In November last year, James Fleming, editor of The Book Collector and bookman at large passed away. ILAB shares the obituary, written by his brother Fergus Fleming. James has left a lasting memory in the book trade.
James Fleming

JAMES FLEMING

Born 26 February 1944, died 22 November 2024.

As with births, so with obituaries: family best stand back; leave things to the professionals. Yet here perforce I bid farewell to my brother James who left us last November. As he would have said, ‘No pressure then, old man.’

He came from a family that was doomed to be extraordinary. His great-grandfather, Robert, founded a bank. His uncles, Peter and Ian, were famous authors. His aunt Amaryllis was one of Britain’s foremost cellists. His father Richard, meanwhile, was a war hero and renowned banker who married his first cousin, Charmian Hermon-Hodge, with whom he had eight children. James was their third child and first son.

He was educated at Eton and Magdalen College, Oxford, where he took a degree in history, followed by a spell in accountancy. He rejected a career in the City, joining instead the Australian publishers Angus & Roberston where he met his future wife Kate Rooksby. Following their marriage in 1975 he retreated to the Cotswolds where he ran the family farm and welcomed the arrival of two sons, Christian and Tom. Rural life allowed him to indulge his love of shooting, a lifelong passion he shared with his godfather Peter. But at heart he was always a book man. ‘I suppose I was four or five,’ he wrote, ‘when I discovered that if I took a torch and a book to bed I could wipe out in a flash whatever torments some governess was visiting upon me. A single sentence and I was in a new world. It’s been like that ever since…You can go wrong with dogs and horses, badly wrong, but with books – never! With their assistance you can commit murder, learn about bee-keeping, foment a revolution, do anything you like. They’re the most superior objects in the world.’

In this, curiously, he went against the grain. There were books at home, plenty of them, each year until 1964 bringing another of Ian’s novels in their distinctive Richard Chopping jackets. Now and then one of Peter’s would be added to the shelves. All of them were signed and dedicated: a collector’s dream in utero. But they were secondary to life as our parents saw it: country sports were their thing and the very idea of sitting indoors, let alone reading, during daylight hours was faintly heretical. For fame, they couldn’t care less. Ian was respected for what he had achieved but not for what he wrote – our father is said to have burned The Spy Who Loved Me on account of its ‘lewdness’ and he wrapped From Russia, with Love in brown paper lest his wife be seen reading it on a visit to America. (Which she undoubtedly didn’t, having zero interest in Bond: I can vouch for the fact that she slept through most of Roger Moore’s Live and Let Die on the grounds that it was ‘too noisy’.) Peter’s books were considered far better. But again, why read about life when you could be living it?

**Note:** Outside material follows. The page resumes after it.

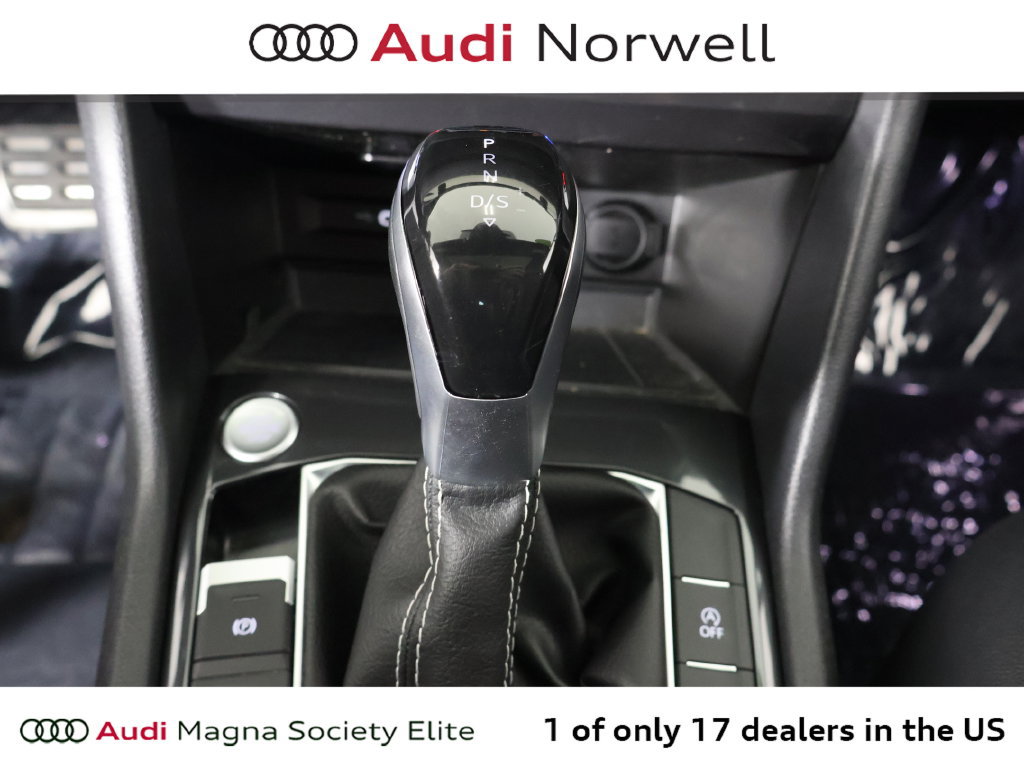 Used 2024 Volkswagen Tiguan SE R-Line AWD/4WD image 3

In 1978 James formed a publishing company, Alexander Heriot, specialising in the history of Arabian horses. Eight years later he edited the letters of Lady Ann Blunt, long-suffering wife of Sir Wilfred – of whom, with his eye for period detail, he noted the doctor’s advice: ‘Karlsbad salts, and no thwarting.’ Working from home, he collected books and sold them so profitably that he built a separate office on the proceeds. Constrained by the weight of family precedent, however, he approached authorship tentatively. An early effort, A Social History of Tea, fell by the wayside and it wasn’t until the late 1990s – by which time he had closed Alexander Heriot and moved to a farm in Caithness – that he started in earnest. His first novel, The Temple of Optimism (2000), was a critical success, being long listed for the Booker Prize. Thomas Gage (2003) received equal plaudits. These beautiful paeans to the English countryside, written in longhand rather than on keyboard, were followed by White Blood (2006), the first in a trilogy of love and violence set during the Russian Revolution. Cold Blood (2009) and Rising Blood (2011) followed the adventures of its hero Charlie Doig who had ‘proper Russian balls that swing like the planets’. Here, the applause was muted. But, ‘I can boast of a Russian fan club, which is pretty cool, is it not?’

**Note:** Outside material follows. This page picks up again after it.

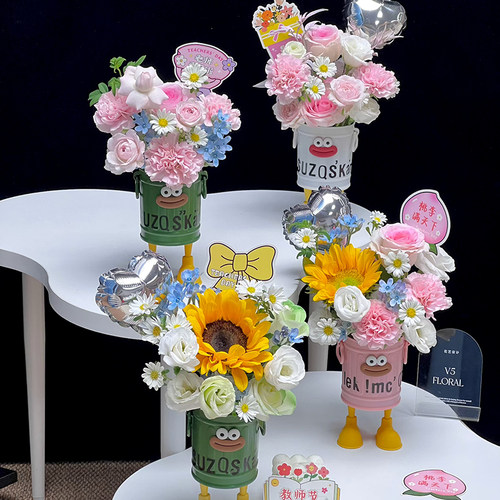 小丑怪·花桶萌趣卡通鲜花材料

North Britain, as he called it, had drawbacks. ‘The vilest Caithness summer known to man,’ he wrote one July. ‘This weather is something else. (I peer through the rain-mottled window). I’m going to bring my bed into the kitchen.’ So he returned to the Cotswolds, where a new venture awaited. Little advertised at the time was Ian’s role as a bibliophile and that in 1952 he had launched The Book Collector. After fifty distinguished years its owner, Nicolas Barker, decided to retire. He asked if I, as publisher of Ian’s imprint Queen Anne Press, would be interested. I wasn’t, but James was. From 2016 he refreshed a somewhat tired print format and overhauled the website to allow online subscriptions and give better access to the archive. James Fergusson, an excellent editor, and Stan Lane of Monotype fame, provided continuity, while the redesign was orchestrated by Phil Cleaver. In 2018 James assumed editorial control, lending an idiosyncratic and humorous voice to proceedings.

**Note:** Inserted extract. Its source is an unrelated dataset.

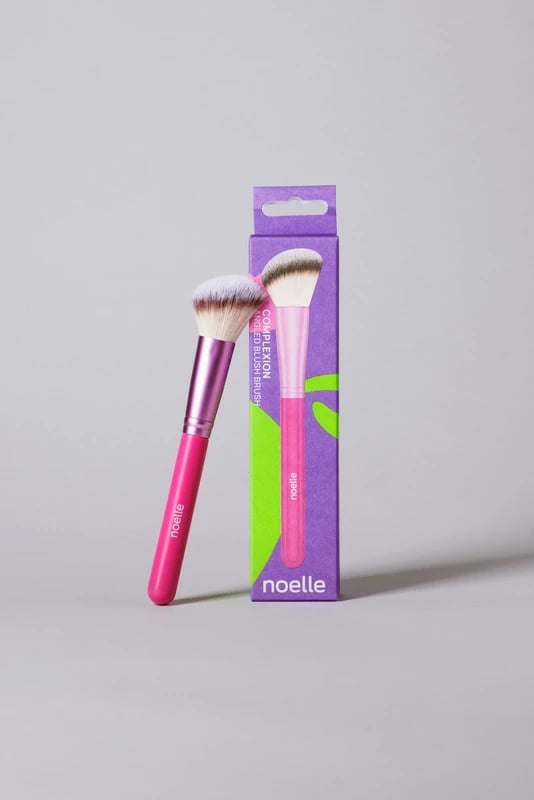 Noelle Makeup brush 04 CONTOUR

He had long been wary of any connection to Ian, had never thought much of his books and was irritated when reviewers tried to draw a comparison. Nevertheless, in 2017 he devoted a 75th anniversary issue of The Book Collector to his uncle. In preparation he re-read Casino Royale and was astonished. ‘I now appreciate’ he wrote, ‘as I never did before the skill with which Ian combined story, action, character and, hardest of all, that sympathy for the human condition that informs fiction writing at the highest level.’ The issue attracted a wide readership, and subscriptions soared. Building on its success, James worked to bring younger collectors into the fold.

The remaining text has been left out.